WHAT THE TASK ASKS: From the entries below, reproduce exactly the line containing "Portable Automated External", the line containing "Link Chain Necklace 50cm（Gold / Silver）", and every line in between, with nothing added.

DATA FOR REVIEW:
-*-*-

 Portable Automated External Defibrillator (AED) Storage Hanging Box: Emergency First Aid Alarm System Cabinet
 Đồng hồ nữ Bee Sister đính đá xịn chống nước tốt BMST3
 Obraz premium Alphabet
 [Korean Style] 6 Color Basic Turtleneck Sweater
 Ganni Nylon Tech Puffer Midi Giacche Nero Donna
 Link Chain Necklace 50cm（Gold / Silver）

-*-*-

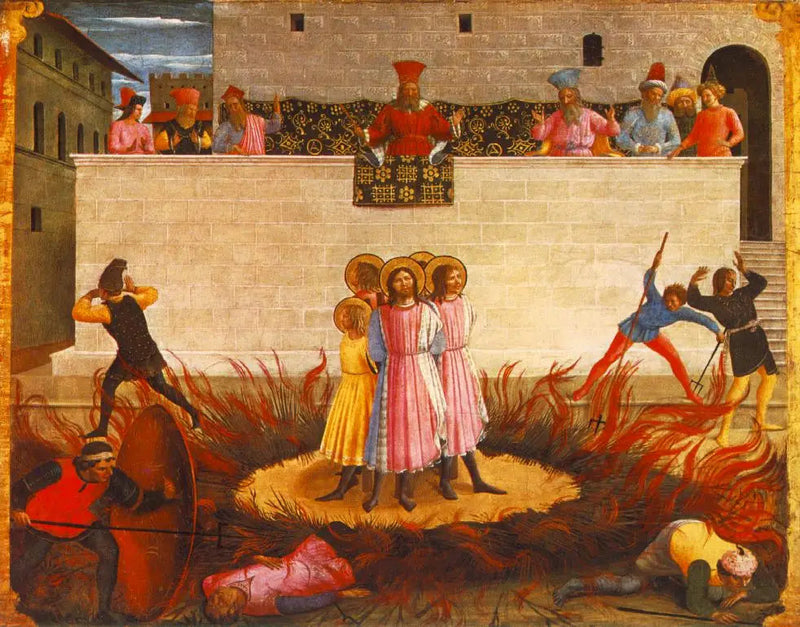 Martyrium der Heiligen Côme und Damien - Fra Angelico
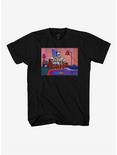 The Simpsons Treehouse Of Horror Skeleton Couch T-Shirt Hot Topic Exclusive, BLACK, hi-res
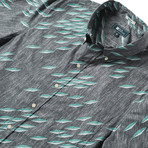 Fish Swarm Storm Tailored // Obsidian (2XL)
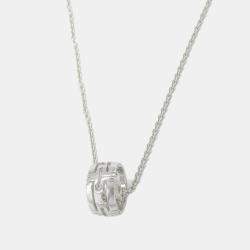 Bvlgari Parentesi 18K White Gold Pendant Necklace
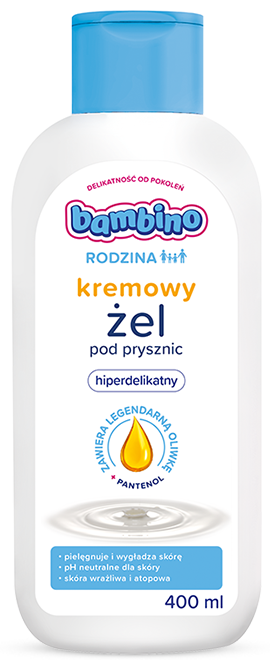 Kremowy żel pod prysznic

-*-*-

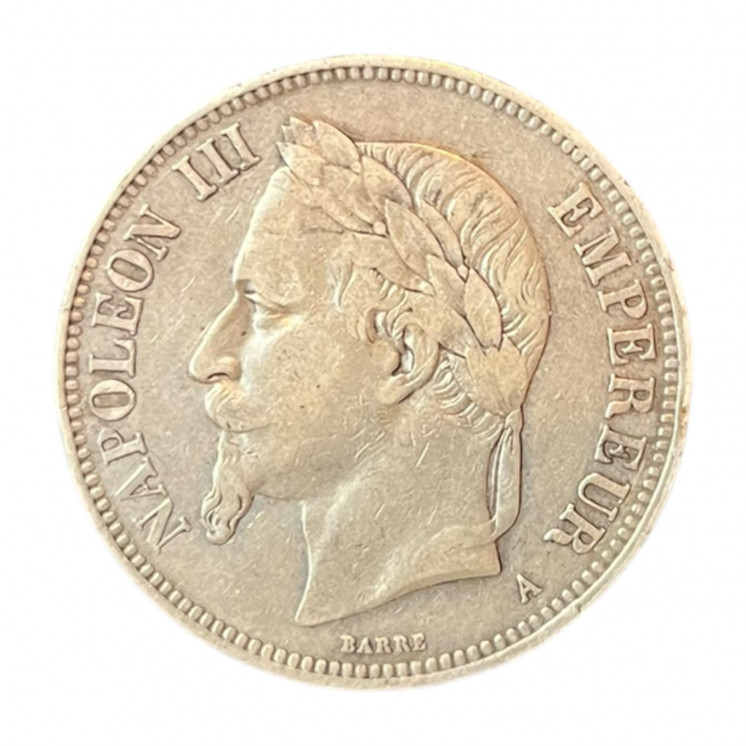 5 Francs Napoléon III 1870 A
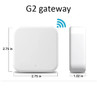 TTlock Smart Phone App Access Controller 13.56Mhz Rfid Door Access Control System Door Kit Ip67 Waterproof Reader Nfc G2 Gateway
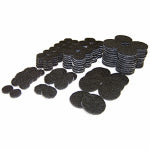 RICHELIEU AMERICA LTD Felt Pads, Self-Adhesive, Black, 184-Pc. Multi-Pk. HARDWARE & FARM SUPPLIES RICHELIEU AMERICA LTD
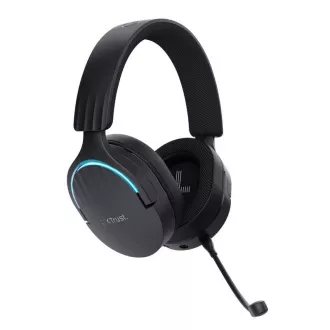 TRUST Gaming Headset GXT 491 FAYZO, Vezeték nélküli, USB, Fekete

-*-*-

TASK SOLUTION:
 Portable Automated External Defibrillator (AED) Storage Hanging Box: Emergency First Aid Alarm System Cabinet
 Đồng hồ nữ Bee Sister đính đá xịn chống nước tốt BMST3
 Obraz premium Alphabet
 [Korean Style] 6 Color Basic Turtleneck Sweater
 Ganni Nylon Tech Puffer Midi Giacche Nero Donna
 Link Chain Necklace 50cm（Gold / Silver）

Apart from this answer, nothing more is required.